After falling up the stairs of the Playhouse, he requested shots from the bartender and was promptly deterred and offered a Genesee beer. He then slurred McHugh’s drink order (a Boulevardier) and tipped the bartender one dollar. After some floundering rounds of arcade games, she concocted an excuse about having to finish up some work. He insisted upon helping her, but at that point McHugh had enough with his drunken shenanigans. She left him on Meigs Street and explains, “The most disturbing part was that he said he had to work at seven in the morning. I hope I never need surgery in Syracuse!” After this debacle, McHugh deleted her dating apps for good.

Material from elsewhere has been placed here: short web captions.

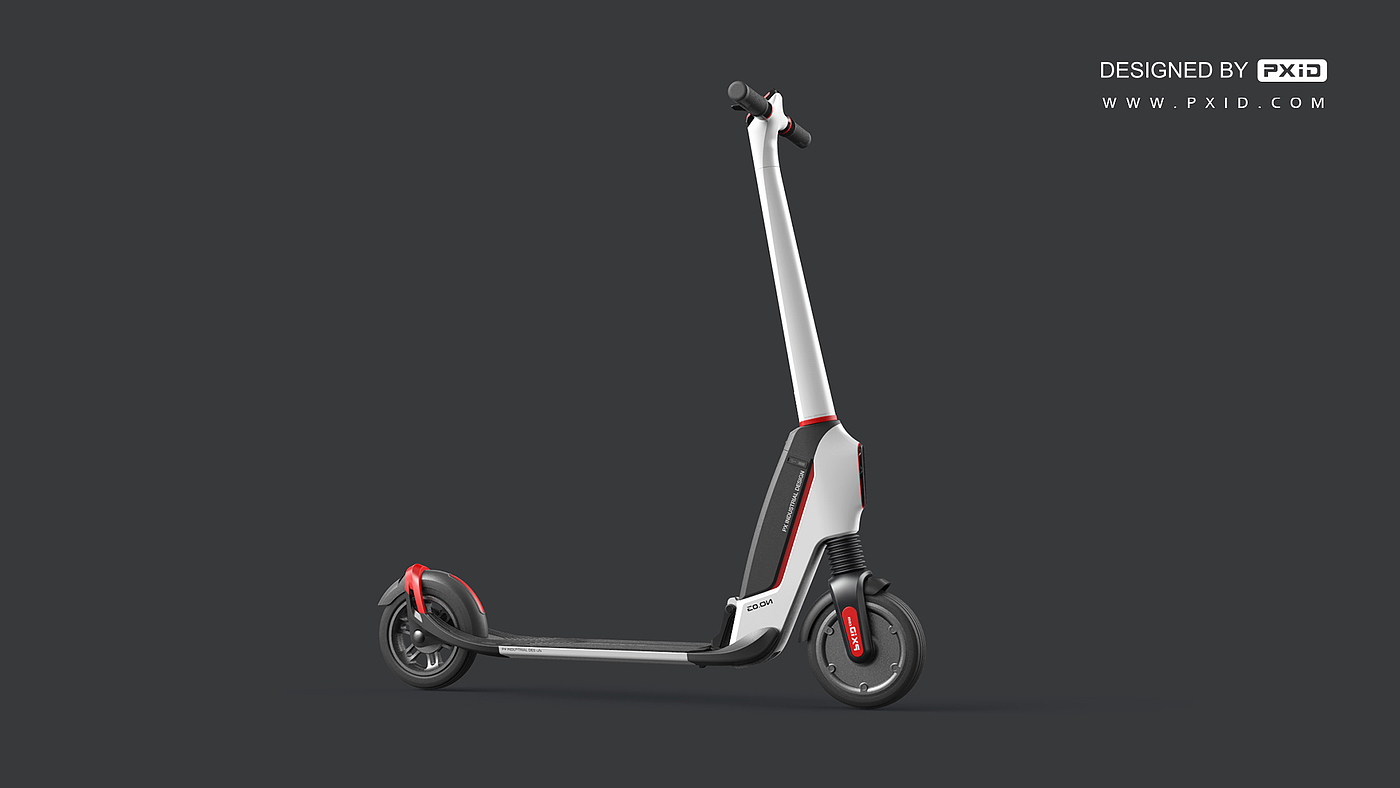 Design of electric scooter，Scooter design，Electric vehicle design，Design of transportation tools，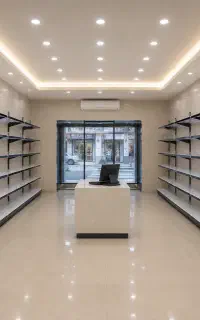 شلف دیواری ضخامت 0.7 با رنگ بندی دلخواه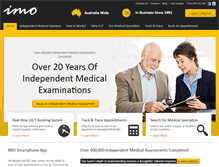 Tablet Screenshot of imo.net.au
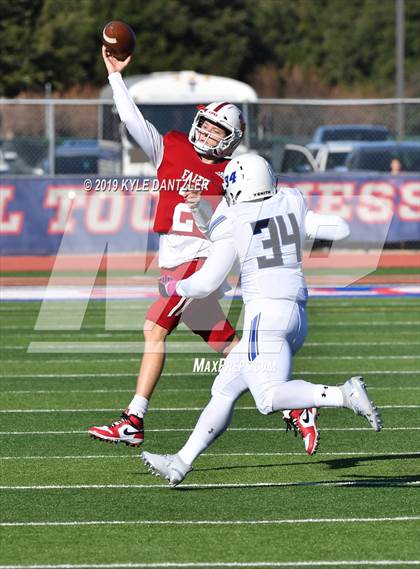 Thumbnail 3 in Grapevine Faith Christian vs. Trinity Christian (TAPPS Division 2 Semifinal) photogallery.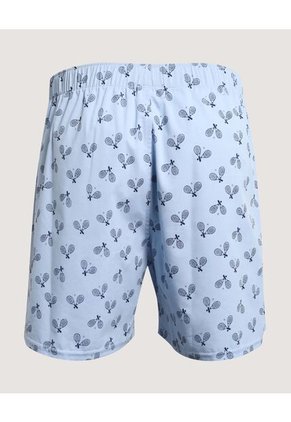 Boxer  Para Hombre Bragueta Amplio Color Azul Marca Ostu #60000511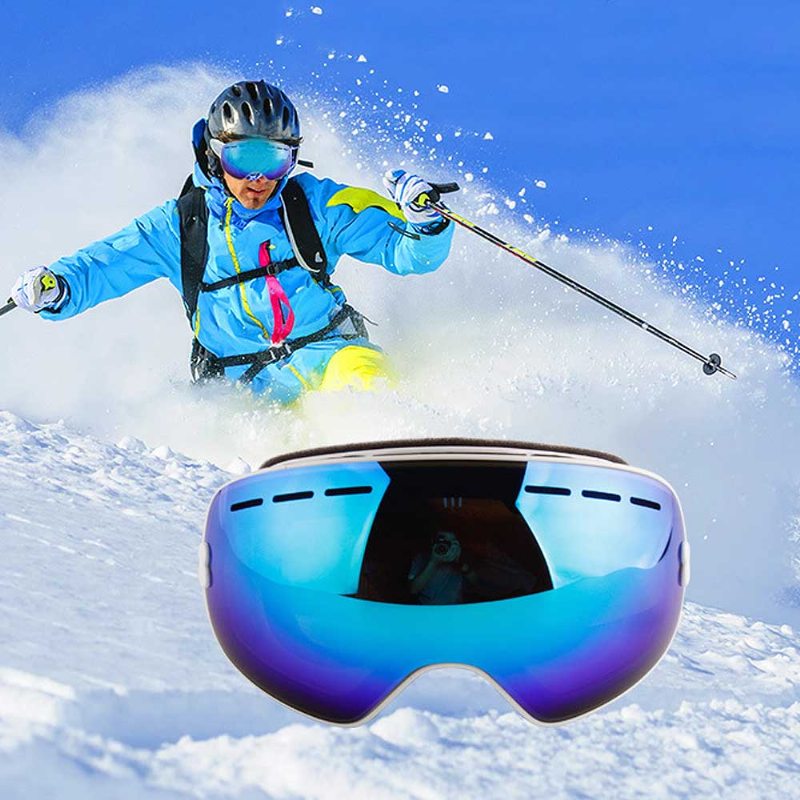 Unisex Lyžiarske Okuliare Proti Zahmlievaniu Športové Nastaviteľné Do Exteriéru Ochranné Na Ochranu Očí Na Snehu S Dvojitou Vrstvou Na Sneh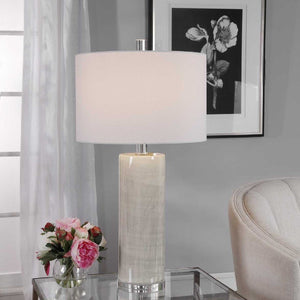   Modern European furniture - Beige Glazed Ceramic Table Lamp - www.oroa.com | Oroa.com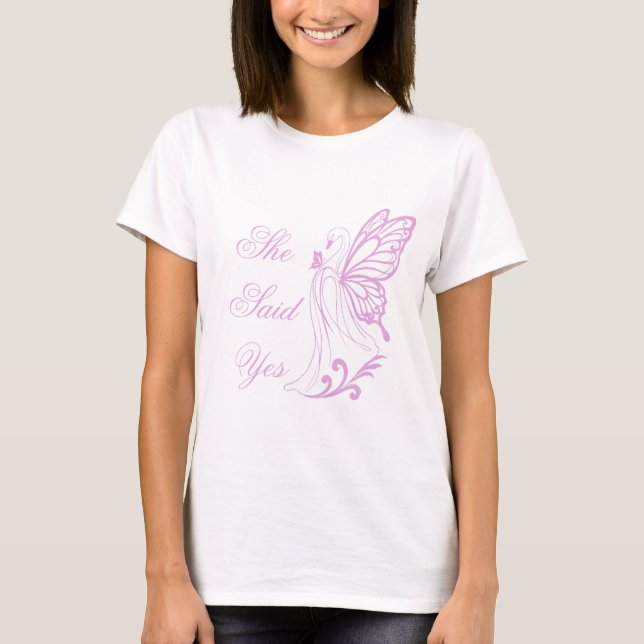 Camiseta Cisne gracioso com asas de borboleta (Frente)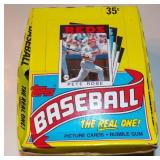 Vintage 1986 Topps Baseball Wax Box Full of Cards
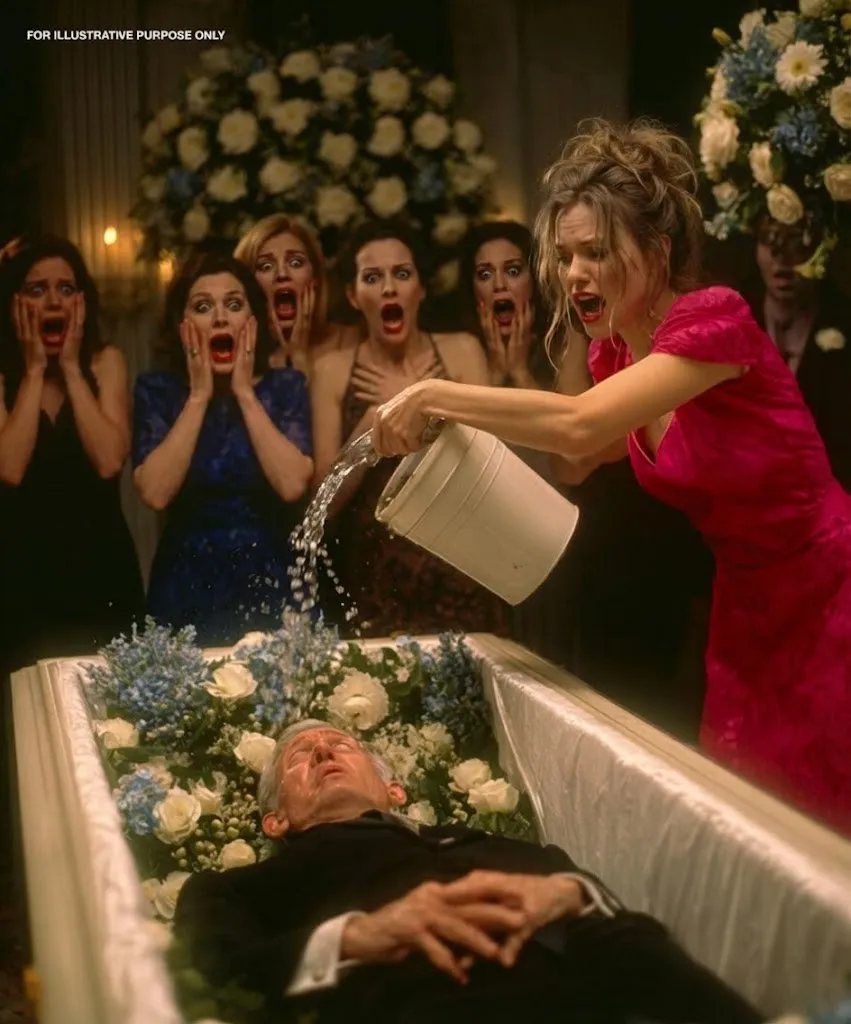 The Widow’s Icy Goodbye: How a Staged Death Was Exposed in Front of a Room Full of Mourners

Thankfully, not all clumsy stair incidents end badly. Many years ago, Mary Mansfield’s date arrived and kindly offered to take out the garbage for her roommate. She says, “He then tripped and fell down three steps and landed with a giant poof on the bags!” After his grand entrance, Mansfield hopped into her date’s Fiero—she would later learn it was his ex-girlfriend’s—and headed to his office holiday party. “I forgot he worked for a family business, so I was unprepared to meet his parents and siblings,” she explains. Despite the initial awkwardness, Mansfield continued to see him. Three weeks later, he attended her roommate’s wedding wearing a grey suit coat with a subtle black plaid sheen—typical of the 1980s. He paired this with non-matching khaki-grey pants and brown shoes. “Yada, yada, yada…we now have four kids,” she laughs and continues, “Mark is the gift that keeps on giving. Last week, he bought two mock turtlenecks to round out his suburban wardrobe. I told him those are only allowed with a North Face jacket if one skis. He doesn’t.”
The idea that one should always strive to put their best foot forward became very literal when another friend almost passed on someone who arrived wearing a strange pair of sneakers. She appears to have gotten over it—they’ve been married for almost ten years. Overall, it seems that making a good impression on a date has less to do with looking decent and more to do with being decent. One can always buy the latest trends, but good hygiene, manners, humor, and kindness never go out of style.